In Soteria Insurance Ltd v IBM United Kingdom Limited [2022] EWCA Civ 440, the Court of Appeal held that an exclusion clause which excluded liability for consequential losses, or loss of profit, revenue or savings did not extend to a claim for wasted expenditure. The Court’s reasoning is explained below, but the key message is that to exclude claims for wasted expenditure, the best approach is to use appropriate express words in the exclusion clause.

 

Background

The dispute related to the delivery of a new IT system which was delayed. Following the claimant’s refusal to pay a “milestone” invoice, the defendant purported to terminate the contract. The claimant treated this purported termination as a repudiatory breach of contract and claimed £132 million in damages for wasted expenditure, being amounts paid in expectation of the delivery of the new IT system. The defendant counterclaimed for the sum due under the invoice. At trial, the judge found that the defendant had wrongfully repudiated the contract but the claimant’s claim for wasted expenditure was excluded by the contractual exclusion clause. The claimant appealed against the judge’s construction of the exclusion clause.

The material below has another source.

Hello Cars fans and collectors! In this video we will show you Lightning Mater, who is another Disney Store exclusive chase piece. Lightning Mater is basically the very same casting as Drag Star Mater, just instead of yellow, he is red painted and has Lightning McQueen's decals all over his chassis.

The clause provided that: “neither party shall be liable to the other or any third party for any Losses arising under and/or in connection with this Agreement (whether in contract, tort (including negligence), breach of statutory or otherwise) which are indirect or consequential Losses, or for loss of profit, revenue, savings (including anticipated savings), data…, goodwill, reputation (in all cases whether direct or indirect) even if such Losses were foreseeable and notwithstanding that a party had been advised of the possibility that such Losses were in the contemplation of the other party or any third party.”

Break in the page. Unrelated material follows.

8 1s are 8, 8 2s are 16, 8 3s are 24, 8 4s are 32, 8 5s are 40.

"Losses" were defined as: "All losses, liabilities, damages, costs and expenses including reasonable legal fees on a solicitors/client basis and disbursements and reasonable costs of investigation, litigation settlement, judgment, interest.”

 

Decision – the construction of the exclusion clause

The Court of Appeal concluded that the exclusion clause did not apply to a claim for wasted expenditure for the following reasons.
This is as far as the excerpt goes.